I usually sit quiet when the folks recall that incident, with an occasional additional spice to the story. But, there was one occasion a few years ago when I mildly countered that the dead do not come back and that it is entirely possible that the cousin was merely acting out some emotion, angst, buried deep within. It is not grandma's spirit who was calling for attention and that it was the cousin instead.
That was the only occasion I suggested that they could, and should, look at it differently. As it happens in the classroom, or the faculty meetings that I used to attend, nobody cared for my explanation!
Well, not really. It turned out that it had registered in mother's radar. Later she asked me in her mild way how I could be confident that it was not grandmother. I suggested to her that science does not claim that there are answers to every question. However, when more realistic reasons are possible--like perhaps the cousin needing some kind of a professional psychological analysis, and when there is no evidence for dead people coming back, well, ...
I gave her another example of how in the old days, the illiterate, and even the religious, interpreted an eclipse as a war between the good and evil forces. Scientific thinking--even in the old India--explained that there were no gods and demons involved here, and that one could even predict when eclipses would occur. As with explaining the eclipse, slowly, in many aspects of life, we have been able to drive out the old incorrect explanations, and offer rational ones that withstand scrutiny.
We have a long way to go, but it does not mean that we will have to fill the gaps with "faith." It is entirely acceptable to be scientific and admit that we have not figured out quite a few things yet. Like with that possibly the oldest questions ever--how did this universe come about. What was there before the Big Bang? How could all these have come about from nothing?
why is there something rather than nothing? There just is. The is-ness of the universe is one of its interesting features. Sorry if that isn’t satisfactory. It is because it is. Let’s move on.Perhaps in the future somebody like an Einstein will come along and write a simple equation with merely three letters of the alphabet and one digit and explain it all. But, for now, the questions we are after are too darn complicated for simple narratives. It is not your grandfather's science anymore--heck, not even Ernest Rutherford's!
Obviously there remain huge cosmological questions, like the fate of the universe.

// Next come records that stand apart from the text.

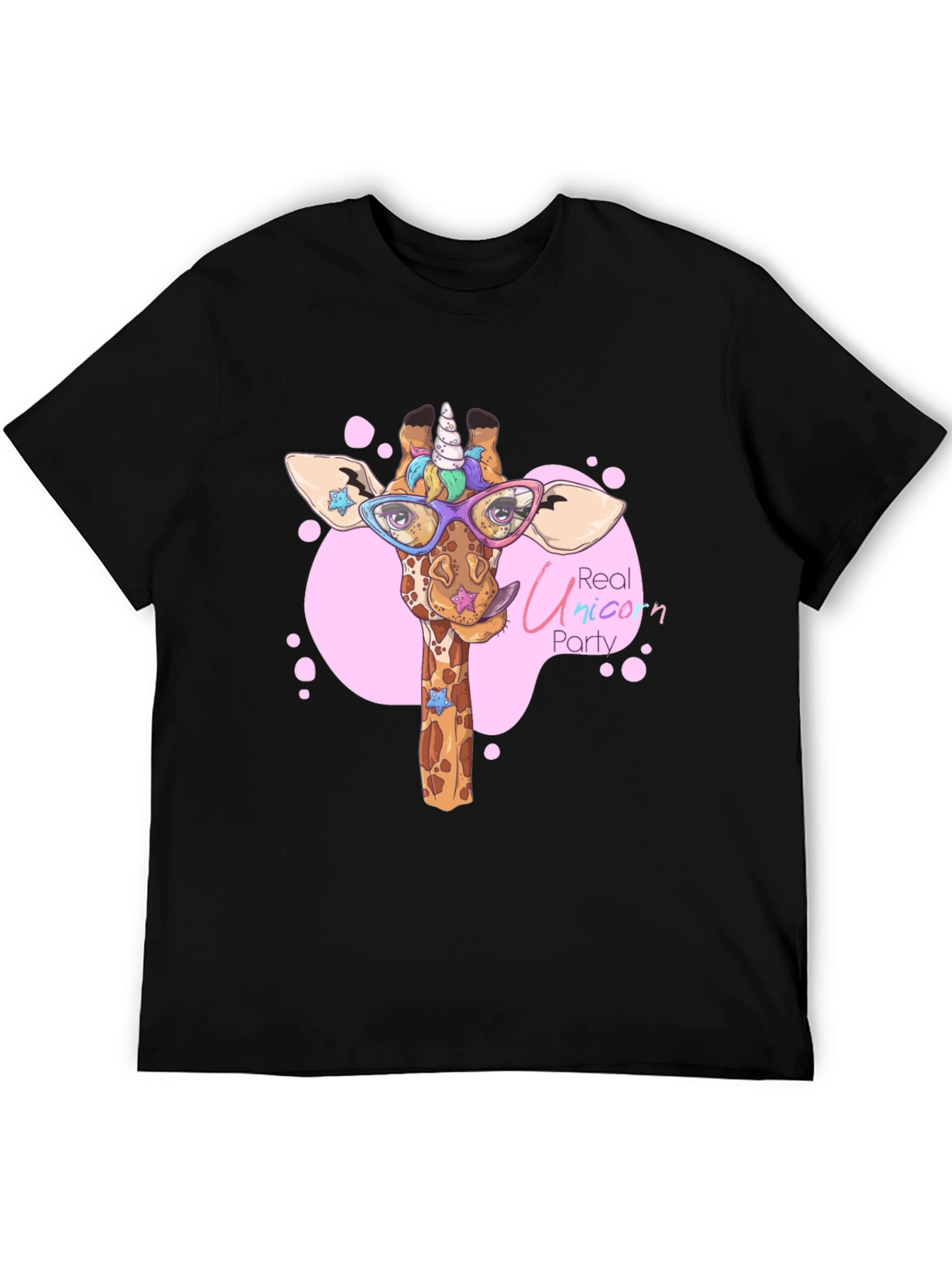 Black Giraffe Unicorn Party T-Shirt - Cute Cartoon Design view 5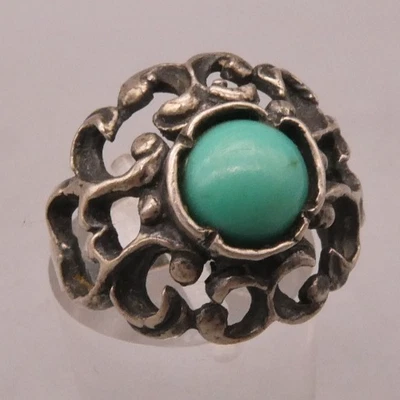 Ring Silber 835 wunderschön floral verzierter alter Trachtenring mit Türkis - Bild 1 von 4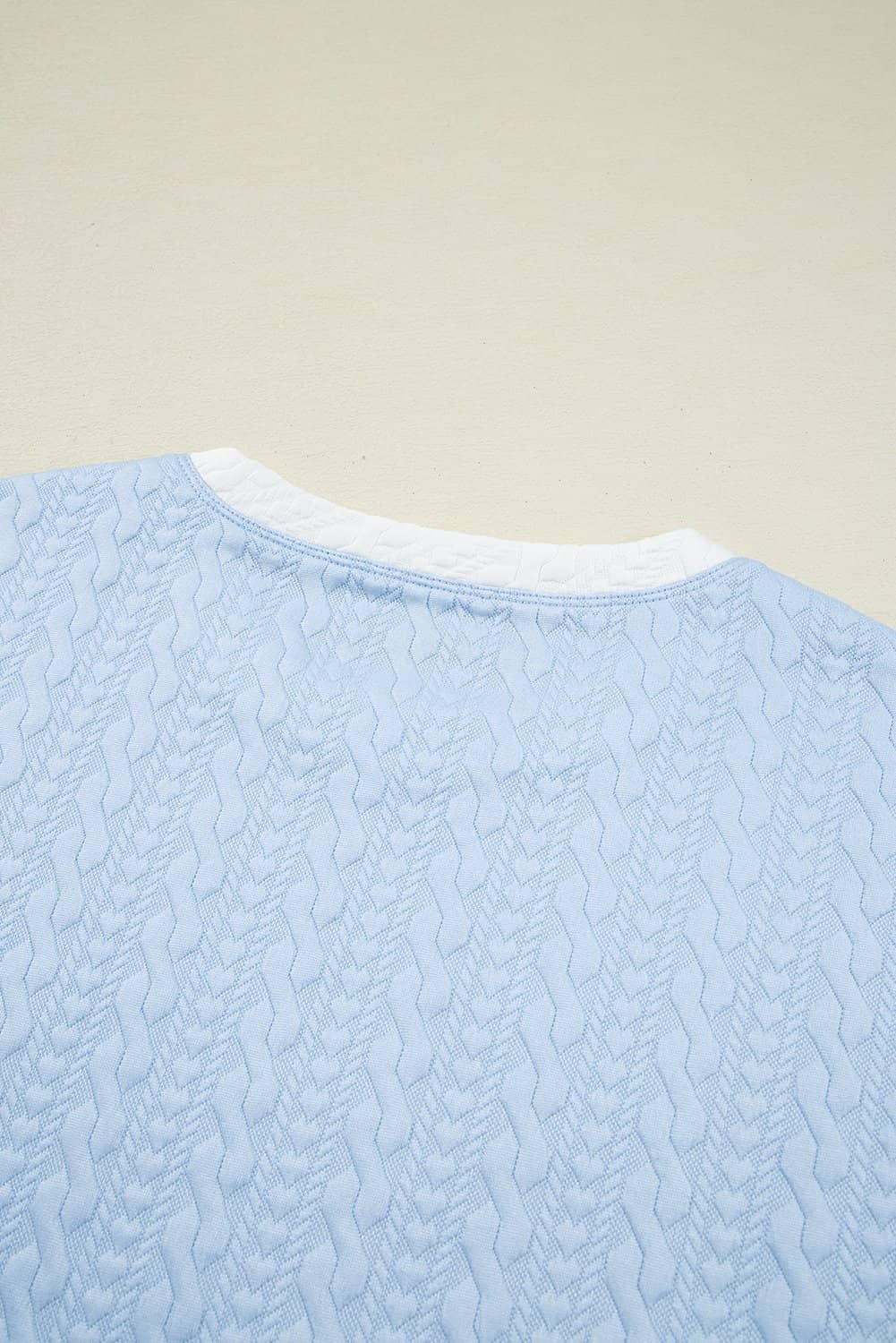 Beau Blue Contrast Trim Textured Crewneck Tee And Pocketed Skirt Set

And we’d all like to know what happened before the Big Bang, but I’m fairly persuaded by the Hawking notion that time itself begins at the Big Bang and there’s no “before.” There’s no boundary.
As we muddle through and explore this universe towards understanding how we happen to be here, we have to deal with a great deal of unknowns. We sort out, as Carl Sagan pointed out, speculation from fact. Michael Shermer articulates the argument that I have offered in my own less sophisticated ways for a number of years:
in answer to the question Why is there something instead of nothing?, it is okay to say “I don’t know” and keep searching. There is no need to turn to supernatural answers just to fulfill an emotional need for certainty and comfort. Science’s uncertainty is its greatest strength. We should embrace it.Indeed!